While discussing the many woes (or challenges) facing the wine industry, one topic of particular interest to wine writers is ‘what can we (the critics) do to help?’ Setting aside the obvious self-interest in a revived wine industry, the real question is what – if anything – can the wine press contribute that might have a significant impact on selling the pleasures of wine to disinterested consumers?
My Substack friend Dave Baxter initiated an interesting series of wine conversations on the topic “How Do We Get More People Interested In Wine?” He opened the first post with a savvy rundown of some of the obstacles: “Wine is complicated. Good wine is expensive. Wine has a short shelf life. Wine has an image…bordering on… pretension, snootiness and intimidation”. Baxter counters these negatives with his belief that active participation (he uses a wine blending class as an example) is the key to igniting a real, long-term interest in wine.
Other contributors to the discussion have talked about combining wine tasting with “experiences” – riding a horse through a vineyard, that sort of thing. There’s been some disagreement about whether blind tastings help or hurt (personally I think blind tasting is nothing more than a parlor game that some people are good at and most are not). And there is the eternal chorus insisting that we somehow “demystify” wine. Take the snobbery out of wine!

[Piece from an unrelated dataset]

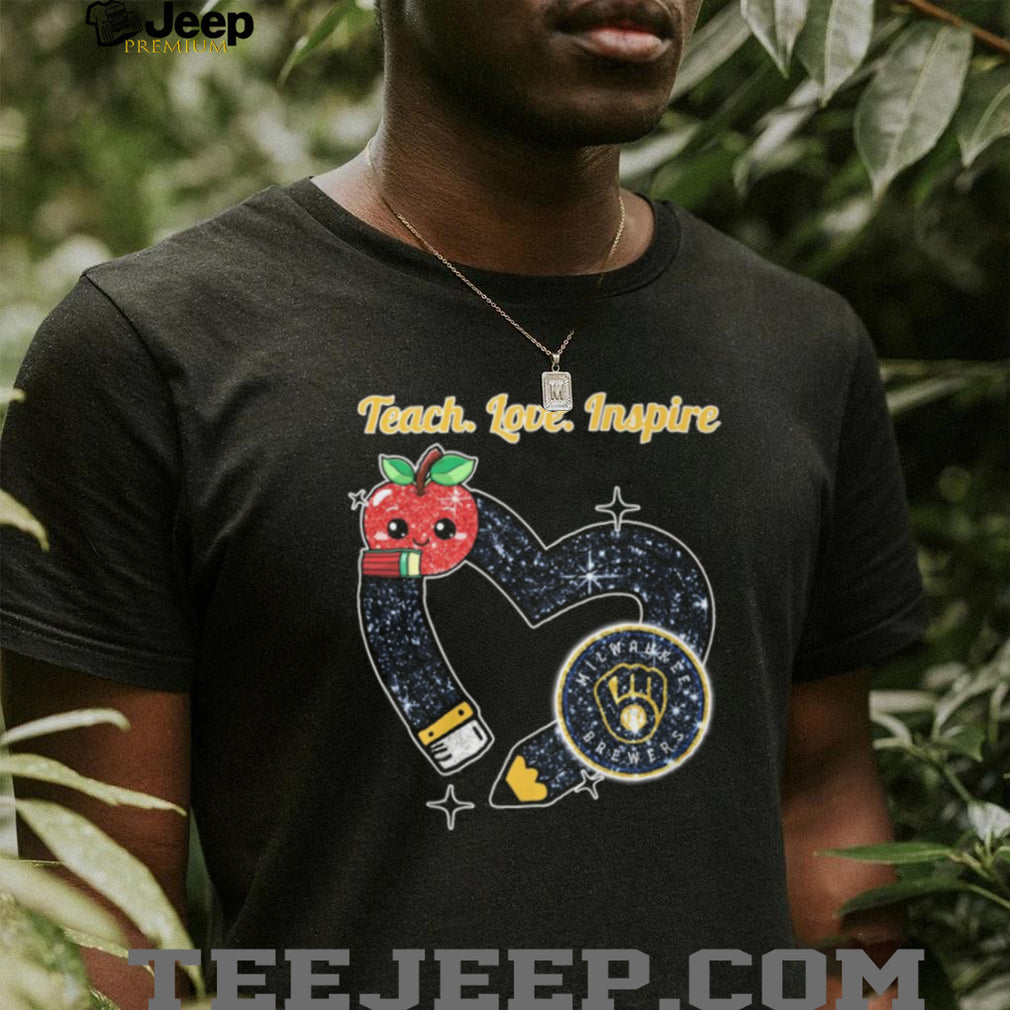 Teach Love Inspire Milwaukee Brewers Heart Pencil Teacher T Shirt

Let me pause right there. There was certainly snobbery around wine back in the day, when the trade was controlled by the Brits and Americans were almost universally ignorant about the subject. Check Google images for ‘Wine Snob’ and you’ll find dozens of photos and cartoons with someone sniffing a cork or grasping a wine glass by the stem, their uplifted chin and overactive nose conveying a holier-than-thou belief in their superior tasting ability. Yes it’s a meme, but that doesn’t make it a fact.
Any residual wine snobbery today relates not to superior knowledge but to better access to rare and often ludicrously expensive bottles. A fine example is Screaming Eagle Sauvignon Blanc, selling for $2500 a bottle if you can find it. Today’s wine snob doesn’t need to know squat about wine, just how to buy the ‘cult’ offerings.
So focusing on taking the snobbery out of wine is a red herring. Some of the other suggestions are well-intentioned, but not likely to do much to convince non-drinkers to suddenly become wine acolytes. I’ve long believed that wine behaves like any other fashionable product. Whether in popular music, haute couture, visual arts or Broadway productions, the one sure thing is that trends will come and go and styles will constantly change. Wine is no different.

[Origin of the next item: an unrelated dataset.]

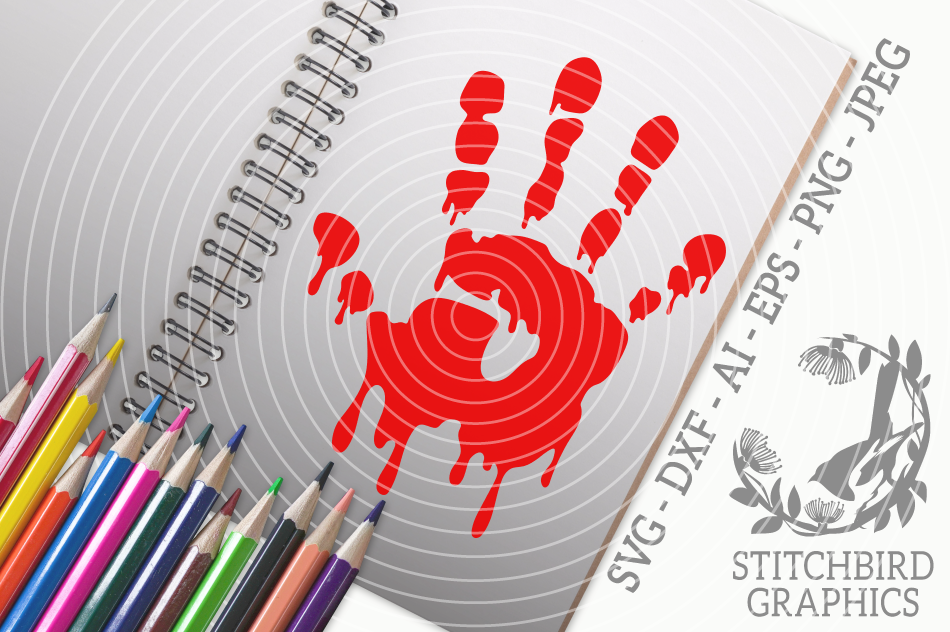 Download Bloody Handprint Svg Silhouette Studio Cricut Eps Dxf By Stitchbird Graphics Thehungryjpeg Com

For all the reasons that Baxter alludes to, wine has fallen out of vogue among the very generations – Millennials and post-Millennials – that determine what is in and what is out. For the Boomers wine was fashionable precisely because it was new and ripe for discovery. I never saw a bottle of wine on the table while I was growing up. I discovered it after leaving home. And some of the first bottles that sparked my interest were the cheapest wines you could buy on a student budget.
I became interested because the flavors of wine fascinated me. Not fancy, expensive wine. Just decent off-the-shelf supermarket staples such as Mateus. My efforts to drink better wine and build a better understanding of what I was tasting were purely directed at enhancing my own enjoyment. After moving to Seattle I worked as a DJ at a number of progressive FM radio stations. I did it so I would have access to the best new music of the day, music that was not being played on AM radio. New and rule-breaking (sometimes banned) music that was not in the Billboard Top 100, that often came from unknown artists.
For me the joy of wine discovery was driven by the same self-interest, and just as personal as any compelling hobby or avocation. Why do some of my friends find rusted out hulks of old cars and spend thousands of hours rebuilding them? Because they love doing it, they love the process, and they love the challenge.

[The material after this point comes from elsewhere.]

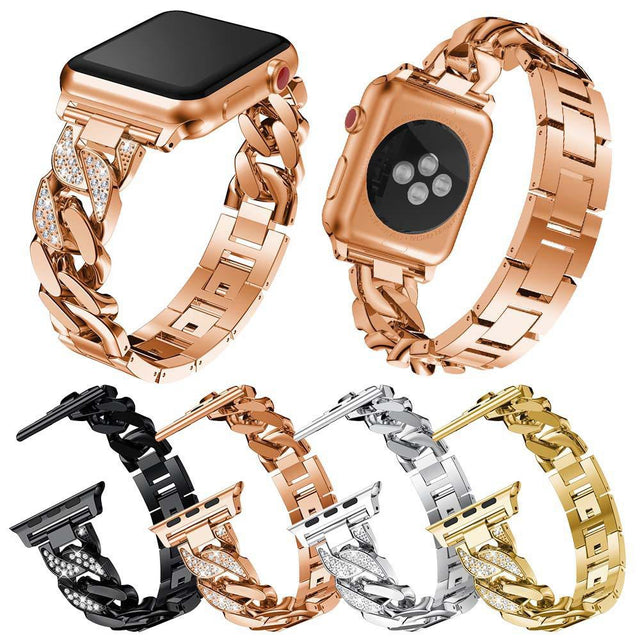 Suitable For Samsung Huawei 22mm Watch With Apple 7654321 Generation SE Single Row Diamond-Encrusted Denim Chain Alloy Wristband - V.I.P Digital Presence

Wine will always present challenges to anyone just beginning to explore it. What’s hard about it today is that it’s become too expensive for most people to experience the best bottles, and without those experiences you can only find the quality floor, never the ceiling. Another challenge is the parent factor. If your Boomer parents were all about wine and wanted you to follow the same path, your natural instinct is to go in a completely opposite direction.
So my answer to the question posed is simple: we can all, each one of us, share our enthusiasm for the adventure of wine – an adventure and a commitment to enhancing personal pleasure. A do-it-yourself voyage of exploration into the many splendors of taste. If that is of interest, then come along and join those of us who are a few steps further down the wine trail. We welcome your company.
EIEIO
I spent all of last week tasting wines from EIEIO. This is a winery I’ve wanted to visit and have never quite made it. The wines get rave reviews. So once I finally connected with owner/winemaker Jay McDonald, and he generously sent an expansive representation of his current releases, I decided to take as much time to work through them as the wines themselves dictated. I opened three or four daily, retasted all those opened previously with the newly opened, and basically just marinaded my palate in EIEIO.

Some background: Jay McDonald bought into the town of Carlton 30 years ago, long before it turned into a mini-epicenter for great Oregon Pinot Noir. He began making wine commercially in 1996, founded EIEIO & Company two years later, and made his first independent commercial vintage in 2003. He operated out of Bergström and other leased facilities until 2015 when at last he moved into his own dedicated winery.
The connection between the winery name and the owner’s name, should you not quite get it, is further emphasized by the musical notes to “Old MacDonald Had A Farm, E-I-E-I-O” printed on the corks of many of the wines.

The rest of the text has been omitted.